Capítulo 4

0 0 0
                                    

Arrastei-me para a cozinha, meus olhos pesados de sono e segredos recém-descobertos. Minha mãe já estava sentada à mesa, uma xícara fumegante entre as mãos. Agatha, com o cabelo todo bagunçado e usando uma camiseta grande demais que reconheci como sendo minha, estava encostada no balcão da pia, mexendo no celular.

"E aí, zumbi?", Agatha brincou assim que me viu, um sorriso cansado em seus lábios.

"Fala, Medusa", retruquei, apontando para seu cabelo desarrumado. Ela revirou os olhos, mas seu sorriso se alargou um pouco.

"Bom dia, filho", minha mãe disse suavemente. "Quer café?"

Assenti, grato. Agatha se adiantou, pegando uma xícara do armário. "Deixa que eu faço, tia Helena. A senhora já fez demais."

Enquanto Agatha preparava meu café, sentei-me à mesa, observando minha mãe. Seus olhos pareciam distantes, perdidos em pensamentos que eu só podia imaginar.

"Como foi a noite?", perguntei, tentando soar casual.

Minha mãe suspirou. "Ah, você sabe... Não muito diferente das outras."

Agatha colocou a xícara na minha frente e se sentou conosco. "Eu tive uns sonhos malucos", ela disse, tentando aliviar o clima. "Tipo, eu estava numa festa na escola, só que todo mundo era um pinguim. Bizarro, né?"

Ri baixinho, grato pela tentativa dela de trazer um pouco de normalidade. "Pinguins, é? Acho que você andou assistindo muitos documentários da National Geographic."

"Ei, não julga!", ela protestou, me dando um soquinho de leve no braço. "E você? Sonhou com o quê?"

Hesitei, o peso das revelações da noite anterior pesando em meu peito. Como explicar que meus "sonhos" eram muito mais reais e assustadores do que pinguins em uma festa escolar?

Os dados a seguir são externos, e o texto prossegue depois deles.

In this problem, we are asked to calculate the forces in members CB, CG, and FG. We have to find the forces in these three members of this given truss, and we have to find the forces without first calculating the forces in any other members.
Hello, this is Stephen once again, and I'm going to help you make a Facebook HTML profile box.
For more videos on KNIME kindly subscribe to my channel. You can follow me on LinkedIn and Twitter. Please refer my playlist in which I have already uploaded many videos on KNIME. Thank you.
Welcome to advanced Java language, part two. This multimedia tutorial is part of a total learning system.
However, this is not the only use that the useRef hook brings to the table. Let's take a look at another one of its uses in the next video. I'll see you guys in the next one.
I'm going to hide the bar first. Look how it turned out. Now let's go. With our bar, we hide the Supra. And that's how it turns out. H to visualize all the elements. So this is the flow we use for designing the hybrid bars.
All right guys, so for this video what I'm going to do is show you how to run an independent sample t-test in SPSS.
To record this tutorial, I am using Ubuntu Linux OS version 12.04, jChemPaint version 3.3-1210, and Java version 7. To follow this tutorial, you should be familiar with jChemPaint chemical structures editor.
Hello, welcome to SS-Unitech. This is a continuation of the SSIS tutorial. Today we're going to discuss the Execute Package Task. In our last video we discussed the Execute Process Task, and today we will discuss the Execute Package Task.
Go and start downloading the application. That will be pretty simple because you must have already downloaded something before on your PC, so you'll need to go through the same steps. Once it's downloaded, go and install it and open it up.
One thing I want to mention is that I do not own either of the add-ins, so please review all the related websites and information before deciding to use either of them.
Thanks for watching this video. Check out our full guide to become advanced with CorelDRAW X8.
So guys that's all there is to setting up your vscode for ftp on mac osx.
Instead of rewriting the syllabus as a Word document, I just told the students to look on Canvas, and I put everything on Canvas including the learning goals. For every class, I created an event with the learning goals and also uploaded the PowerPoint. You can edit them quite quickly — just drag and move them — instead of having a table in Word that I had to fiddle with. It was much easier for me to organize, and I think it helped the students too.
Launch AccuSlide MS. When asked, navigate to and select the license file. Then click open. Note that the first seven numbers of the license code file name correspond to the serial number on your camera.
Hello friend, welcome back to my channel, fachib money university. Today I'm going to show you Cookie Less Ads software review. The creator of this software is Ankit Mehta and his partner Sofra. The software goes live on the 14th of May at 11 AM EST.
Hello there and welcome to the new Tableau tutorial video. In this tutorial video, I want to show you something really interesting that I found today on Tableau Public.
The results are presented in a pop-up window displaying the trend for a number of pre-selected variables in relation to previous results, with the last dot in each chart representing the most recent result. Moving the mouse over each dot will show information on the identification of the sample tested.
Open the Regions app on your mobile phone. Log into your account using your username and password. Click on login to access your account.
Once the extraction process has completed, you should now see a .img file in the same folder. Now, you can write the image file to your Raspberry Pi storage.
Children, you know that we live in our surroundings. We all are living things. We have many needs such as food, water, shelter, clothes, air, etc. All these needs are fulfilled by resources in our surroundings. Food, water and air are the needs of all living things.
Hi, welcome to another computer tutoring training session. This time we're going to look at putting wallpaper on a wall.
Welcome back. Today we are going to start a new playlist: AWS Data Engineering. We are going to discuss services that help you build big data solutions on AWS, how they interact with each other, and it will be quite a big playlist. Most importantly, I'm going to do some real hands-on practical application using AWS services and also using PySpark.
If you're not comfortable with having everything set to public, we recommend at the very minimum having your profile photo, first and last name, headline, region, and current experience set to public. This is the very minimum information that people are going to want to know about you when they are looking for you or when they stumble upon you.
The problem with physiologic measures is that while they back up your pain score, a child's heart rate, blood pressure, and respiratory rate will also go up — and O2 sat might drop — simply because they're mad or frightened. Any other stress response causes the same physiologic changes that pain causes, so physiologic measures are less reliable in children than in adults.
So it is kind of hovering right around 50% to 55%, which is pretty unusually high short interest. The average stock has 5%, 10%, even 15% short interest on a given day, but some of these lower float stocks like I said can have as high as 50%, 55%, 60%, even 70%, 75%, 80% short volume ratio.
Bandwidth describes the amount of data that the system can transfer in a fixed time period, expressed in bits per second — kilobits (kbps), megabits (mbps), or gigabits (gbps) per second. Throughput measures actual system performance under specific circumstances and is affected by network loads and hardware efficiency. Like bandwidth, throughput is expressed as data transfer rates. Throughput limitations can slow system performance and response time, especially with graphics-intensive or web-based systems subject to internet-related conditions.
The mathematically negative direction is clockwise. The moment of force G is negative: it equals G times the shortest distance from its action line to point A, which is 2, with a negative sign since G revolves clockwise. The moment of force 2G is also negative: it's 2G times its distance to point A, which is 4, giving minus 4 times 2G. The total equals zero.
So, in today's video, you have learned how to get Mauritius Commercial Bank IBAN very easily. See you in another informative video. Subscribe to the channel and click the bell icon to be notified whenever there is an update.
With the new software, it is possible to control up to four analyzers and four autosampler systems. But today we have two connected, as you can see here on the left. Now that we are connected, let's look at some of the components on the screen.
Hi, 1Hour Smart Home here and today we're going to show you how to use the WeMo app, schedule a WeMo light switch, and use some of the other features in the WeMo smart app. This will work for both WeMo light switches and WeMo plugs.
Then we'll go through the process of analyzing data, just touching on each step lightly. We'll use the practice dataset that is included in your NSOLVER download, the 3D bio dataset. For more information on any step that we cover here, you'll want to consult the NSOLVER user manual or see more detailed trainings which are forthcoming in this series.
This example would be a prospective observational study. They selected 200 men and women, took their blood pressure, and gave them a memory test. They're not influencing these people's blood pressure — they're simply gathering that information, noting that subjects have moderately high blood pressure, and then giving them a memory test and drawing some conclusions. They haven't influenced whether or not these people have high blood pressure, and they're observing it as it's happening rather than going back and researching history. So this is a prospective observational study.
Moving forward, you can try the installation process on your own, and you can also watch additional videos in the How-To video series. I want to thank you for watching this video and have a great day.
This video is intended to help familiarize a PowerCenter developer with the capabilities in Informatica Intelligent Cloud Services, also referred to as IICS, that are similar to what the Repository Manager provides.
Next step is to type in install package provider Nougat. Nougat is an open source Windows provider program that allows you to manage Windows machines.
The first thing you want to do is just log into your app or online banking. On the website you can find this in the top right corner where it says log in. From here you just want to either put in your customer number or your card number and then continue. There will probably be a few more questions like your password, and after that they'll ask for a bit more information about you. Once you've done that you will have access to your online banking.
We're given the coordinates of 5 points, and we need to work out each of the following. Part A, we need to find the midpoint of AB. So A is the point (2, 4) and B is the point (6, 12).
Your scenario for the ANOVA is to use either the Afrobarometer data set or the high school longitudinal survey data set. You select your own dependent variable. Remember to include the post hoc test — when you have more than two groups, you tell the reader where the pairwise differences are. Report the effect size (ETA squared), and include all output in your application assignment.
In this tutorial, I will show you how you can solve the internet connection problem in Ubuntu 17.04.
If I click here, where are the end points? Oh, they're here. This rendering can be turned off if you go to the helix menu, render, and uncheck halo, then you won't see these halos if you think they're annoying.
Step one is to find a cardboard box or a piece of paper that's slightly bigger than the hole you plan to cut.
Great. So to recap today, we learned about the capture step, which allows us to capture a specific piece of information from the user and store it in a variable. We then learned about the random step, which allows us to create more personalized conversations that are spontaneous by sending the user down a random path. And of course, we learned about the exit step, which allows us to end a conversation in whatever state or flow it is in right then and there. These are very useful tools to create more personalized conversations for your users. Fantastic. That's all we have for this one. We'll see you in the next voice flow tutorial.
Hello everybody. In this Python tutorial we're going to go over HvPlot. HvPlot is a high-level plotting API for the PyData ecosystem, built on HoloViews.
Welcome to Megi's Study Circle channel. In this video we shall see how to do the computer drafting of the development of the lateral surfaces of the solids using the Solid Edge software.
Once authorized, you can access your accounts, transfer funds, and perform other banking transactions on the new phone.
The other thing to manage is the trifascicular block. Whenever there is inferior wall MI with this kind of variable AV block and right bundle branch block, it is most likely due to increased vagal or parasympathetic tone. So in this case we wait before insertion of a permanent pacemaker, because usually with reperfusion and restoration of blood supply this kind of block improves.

"Ah, nada demais", menti, evitando o olhar dela. "Não lembro direito."

Agatha me encarou por um momento, como se soubesse que eu estava escondendo algo. Mas antes que ela pudesse insistir, minha mãe falou:

"Seu pai tinha muitos pesadelos, sabia?", ela disse, sua voz distante. "Às vezes, ele acordava gritando nomes que eu nunca tinha ouvido."

Senti meu coração acelerar. "Que tipo de nomes?", perguntei, tentando não parecer muito interessado.

Minha mãe deu de ombros. "Não lembro ao certo. Mas ele sempre dizia que eram só sonhos ruins."

"Ei", Agatha disse de repente, seu rosto se iluminando com uma ideia. "Que tal você vir almoçar lá em casa hoje? A Lucinha tá fazendo aquela lasanha que você ama. A gente podia assistir uns filmes, sei lá... Tentar esquecer um pouco, sabe?"

Olhei para minha mãe, hesitante. Ela forçou um pequeno sorriso. "Acho uma ótima ideia, filho. Vai te fazer bem sair um pouco. Eu tenho algumas coisas para resolver no hospital, de qualquer forma."

"Tem certeza?", perguntei, a culpa apertando meu peito.

Minha mãe se levantou, vindo até mim e beijando o topo da minha cabeça. "Tenho. Vá se distrair um pouco. Deus sabe que todos nós precisamos."

Assenti, grato pela permissão, mas sentindo o peso da responsabilidade se assentar ainda mais pesadamente sobre meus ombros. Enquanto Agatha falava animadamente sobre os filmes que poderíamos assistir, não pude deixar de pensar no que me aguardava.

Carlos Mancini. O espírito vingativo. As respostas que eu tanto buscava.

E a pergunta que me atormentava: até onde eu estava disposto a ir para descobrir a verdade sobre meu pai?